Gemma 4 running on iPhone is the other story that dropped this week. Not through some cloud API — actually on-device. Through Google’s AI Edge Gallery app, iPhone users can run a 4B parameter Gemma model locally. No latency. No API costs. No data leaving the device.

This is not new in concept. Apple’s Neural Engine has been running on-device inference since the A12 chip in 2018. What’s new is that the model is competent. Not demo-ware. Not toy. The kind of model you could actually use for a real task and get a real result.

4B parameters sounds small next to GPT-4’s rumored 1.7T. But it doesn’t need to be GPT-4. It needs to be good enough for the 80% of tasks that don’t require frontier-level reasoning. And it runs on a device that fits in your pocket.

This Is the Mainframe-to-PC Shift

Let me tell you something about computing cycles. Every 10 to 15 years, the industry goes through the same argument.

In the 60s and 70s, computing was centralized.
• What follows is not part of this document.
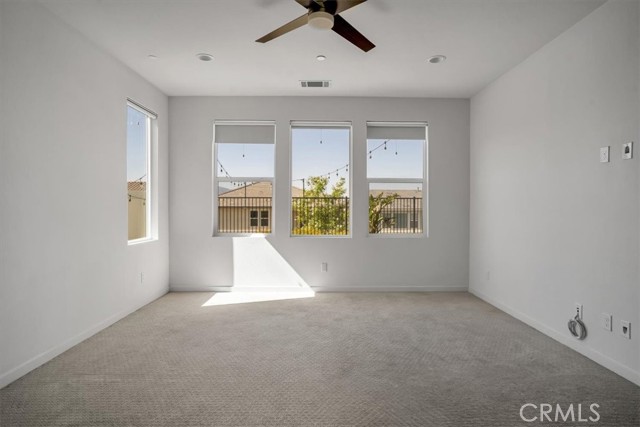 18150 Tableau Way, Saugus CA: https://media.crmls.org/medias/7843b189-b9d0-4683-825d-f8f0bd353fcf.jpg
Mainframes in climate-controlled rooms. Programmers submitted batch jobs and waited. The assumption was that serious computation required serious infrastructure.
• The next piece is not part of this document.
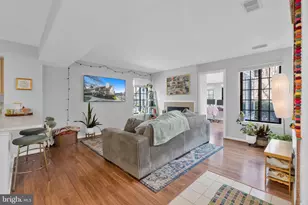 6011 Curtier Dr, Alexandria, VA 22310 - Photo 3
Then the microprocessor got cheap enough. The Apple II and IBM PC happened. And suddenly the guy in the garage had more computing power than the university’s mainframe did a decade earlier. The mainframes didn’t disappear — they got faster too — but the center of gravity shifted.

The 90s gave us the web as a client-server phenomenon. The 2000s gave us mobile — computing moved from the desk to the pocket. The 2010s gave us cloud — but cloud is really just mainframes with better networking. You rent time on someone else’s iron.

Now local models are the new microprocessors.

Gemma 4 on iPhone. Mistral running on MacBooks with MLX. DeepSeek V3’s 236B MoE parameters fitting into what people actually use. The efficiency curve is bending fast.

What Changes

Not everything. The frontier labs will keep training bigger models for tasks that actually need them. Protein folding, climate modeling, formal verification — these need every floating point operation we can muster.

But the day-to-day of software development, the stuff that fills 90% of developer hours? That’s being commoditized by efficiency. A 4B parameter model that fits in RAM on a consumer laptop and runs at 30 tokens per second doesn’t need a GPU cluster. It doesn’t need an API key. It doesn’t send your code to a third party.

Caveman hit 834 points on HN. The top comment was someone saying “this is what Grug Brain was always about.” Grug Brain — the fictional caveman developer whose philosophy was “keep it simple, avoid unnecessary complexity.” The character was created as a parody of enterprise software culture. Turns out it’s also a valid strategy for LLM prompting.

The efficiency decade isn’t coming. It’s here. The question is whether the companies built on the assumption of infinite compute will figure that out before someone who runs on 4 watts proves they didn’t need to.